- Prepare
- Algorithms
- Graph Theory
- Crab Graphs

# Crab Graphs

# Crab Graphs

A crab is an undirected graph which has two kinds of vertices: 1 head, and K feet , and exactly K edges which join the head to each of the feet.( 1 <= K <= T, where T is given)

Given an undirected graph, you have to find in it some vertex-disjoint subgraphs where each one is a crab . The goal is to select those crabs in such a way that the total number of vertices covered by them is maximized.

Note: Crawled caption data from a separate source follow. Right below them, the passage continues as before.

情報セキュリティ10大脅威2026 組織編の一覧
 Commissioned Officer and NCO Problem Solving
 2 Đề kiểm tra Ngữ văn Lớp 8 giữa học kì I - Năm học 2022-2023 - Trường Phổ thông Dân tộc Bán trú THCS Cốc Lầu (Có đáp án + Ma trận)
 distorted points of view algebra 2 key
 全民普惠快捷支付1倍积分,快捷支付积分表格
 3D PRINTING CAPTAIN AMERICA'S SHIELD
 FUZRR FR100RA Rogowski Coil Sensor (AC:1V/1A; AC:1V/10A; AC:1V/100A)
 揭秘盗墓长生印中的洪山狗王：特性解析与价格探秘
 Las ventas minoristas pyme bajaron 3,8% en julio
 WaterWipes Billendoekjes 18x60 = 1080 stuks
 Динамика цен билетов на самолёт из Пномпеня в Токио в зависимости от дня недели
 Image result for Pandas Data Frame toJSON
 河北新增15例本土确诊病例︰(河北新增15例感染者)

Note: two graphs are vertex-disjoint if they do not have any vertices in common.

**Input Format**

The first line of input contains a single integer C. C test-cases follow. The first line of each test-case contains three integers N, T, and M (the number of nodes, max number of feet in the crab graph, and number of edges, respectively). Each of next M lines contains two space separated values v1i, v2i meaning that the there is an edge between vertices v1i and v2i. Note that the graph doesn't have parallel edges or loops.

**Constraints**

- 1 <= C <= 10
- 2 <= T <= 100
- 2 <= N <= 100
- 0 <= M <= N * (N-1)/2
- 1 <= v1i <= N
- 1 <= v2i <= N

**Output Format**

For each test-case, output a single integer indicating the maximum number of vertices which can be covered by vertex-disjoint sub-graphs of crab- graphs.

**Sample Input**

```
2
8 2 7
1 4
2 4
3 4
5 4
5 8
5 7
5 6
6 3 8
1 2
2 3
3 4
4 5
5 6
6 1
1 4
2 5
```

**Sample Output**

```
6
6
```

**Explanation**

Test #1: The graph for this test-case below. Because T = 2, each crab can have a maximum of 2 feet => each crab can cover a maximum of 3 nodes. We can cover 6 nodes of this graph with these two crabs: One of the crabs has 4 as its head and 1 and 3 as its feet, the other crab has 5 as its head and 7 and 8 as its feet. No additional crabs can be added.

The above is not a unique solution: any combination of two crabs, with one head at 4 and one head at 5, will suffice. We could have also chosen Head[4]feet[1,2] and Head[5]feet[6,7] as our two crabs.

Test #2: The graph for this test-case below. We can cover all 6 nodes using two crabs. One of the crabs has 2 as its head and 1 and 3 as its feet, the other crab has 5 as its head and 4 and 6 as its feet.